A splendidly written recent article in the New York Times Magazine offers a perfect example of why embodied learning is necessary. The process by which taxi drivers in London learn the entirety of the London street grid and all its landmarks through actually traveling the streets is so intense that their hippocampi grow to be bigger than other people’s. The ordeal is called gaining “the Knowledge.” And as GPS systems and other automatized, algorithm-based tools for navigating a city as cumbersome as London proliferate, cab drivers who have attained the Knowledge are showing why first-person, embodied knowledge is so important: they can actually maintain and synthesize more information that is relevant to particular scenarios. You want to get from Piccadilly to an obscure pub in the East End without hitting any traffic lights, and avoiding rush-hour traffic? GPS can’t help you there. But London cabbies can. They use their gut knowledge of the entirety of the city to quantifiably outperform GPS systems in real-life situations.

And of course, embodiment is crucial for understanding religion, which often makes no sense to people who only know it as a series of symbolic propositions. As Patton Dodd wrote recently for On Faith,

Belief in God involves not just your brain, but your entire body. I first found faith in a Pentecostal setting, which meant lots and lots of dancing. I later lost my faith, and when I discovered it anew, I was in a liturgical setting, which meant lots and lots of kneeling and signs-of-the-cross-ing. Either way, I was moving my body.

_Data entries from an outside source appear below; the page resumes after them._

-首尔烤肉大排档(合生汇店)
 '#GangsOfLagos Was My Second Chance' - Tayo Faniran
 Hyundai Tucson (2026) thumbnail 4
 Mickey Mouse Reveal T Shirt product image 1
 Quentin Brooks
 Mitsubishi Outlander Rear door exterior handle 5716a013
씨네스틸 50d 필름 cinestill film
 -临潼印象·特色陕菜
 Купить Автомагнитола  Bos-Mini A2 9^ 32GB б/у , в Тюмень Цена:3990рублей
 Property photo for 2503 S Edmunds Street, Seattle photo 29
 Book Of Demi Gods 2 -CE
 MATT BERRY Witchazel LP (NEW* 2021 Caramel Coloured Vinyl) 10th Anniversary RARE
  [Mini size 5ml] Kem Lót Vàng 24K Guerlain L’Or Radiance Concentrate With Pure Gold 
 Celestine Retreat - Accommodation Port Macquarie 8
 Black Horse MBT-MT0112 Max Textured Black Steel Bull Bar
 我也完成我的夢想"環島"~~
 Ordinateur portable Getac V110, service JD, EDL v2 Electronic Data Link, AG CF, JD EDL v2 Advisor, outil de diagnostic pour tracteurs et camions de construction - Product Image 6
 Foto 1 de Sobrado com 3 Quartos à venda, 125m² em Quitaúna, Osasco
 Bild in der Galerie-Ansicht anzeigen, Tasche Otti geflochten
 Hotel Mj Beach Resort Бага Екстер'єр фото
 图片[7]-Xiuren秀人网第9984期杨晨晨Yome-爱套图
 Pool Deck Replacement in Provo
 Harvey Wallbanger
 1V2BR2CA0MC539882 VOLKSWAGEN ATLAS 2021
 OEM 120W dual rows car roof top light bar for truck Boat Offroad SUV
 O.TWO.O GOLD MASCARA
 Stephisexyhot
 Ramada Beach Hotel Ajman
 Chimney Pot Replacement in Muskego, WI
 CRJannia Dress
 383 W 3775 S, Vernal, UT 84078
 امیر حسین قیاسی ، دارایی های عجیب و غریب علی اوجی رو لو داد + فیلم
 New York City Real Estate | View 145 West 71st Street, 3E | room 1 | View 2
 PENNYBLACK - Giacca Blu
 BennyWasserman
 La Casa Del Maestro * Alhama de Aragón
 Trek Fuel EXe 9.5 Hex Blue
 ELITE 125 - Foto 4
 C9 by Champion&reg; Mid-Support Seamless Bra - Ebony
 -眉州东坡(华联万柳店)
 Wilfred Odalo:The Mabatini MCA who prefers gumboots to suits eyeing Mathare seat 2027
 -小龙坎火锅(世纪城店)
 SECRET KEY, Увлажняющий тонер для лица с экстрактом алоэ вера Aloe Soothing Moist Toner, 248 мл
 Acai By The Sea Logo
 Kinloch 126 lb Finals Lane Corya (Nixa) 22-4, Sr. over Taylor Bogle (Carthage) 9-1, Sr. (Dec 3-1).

Patton’s observation is similar to one I heard recently from a much different source, Jay Feierman of the University of New Mexico. I saw Jay present a paper at the Society for the Scientific Study of Religion conference in Indianapolis, in which he described how the bowing and submissive bodily postures found in nearly all religions actually stimulate dopamine release – providing for intrinsic emotional rewards. Jay calls himself a committed atheist, but his third-person description of what goes on when human bodies do religious things is a useful complement to Patton’s first-person confession of embodied faith. Both agree that religious experience is something that comes from what bodies do. Noreen Herzfeld agrees, and so do I. And that goes for a tremendous amount of human life besides. If you want to understand religion, or culture, or London, you need to understand humans. And if you want to understand humans, you need to understand bodies. Our increasingly disembodied, tech-driven lives aren’t making that any easier.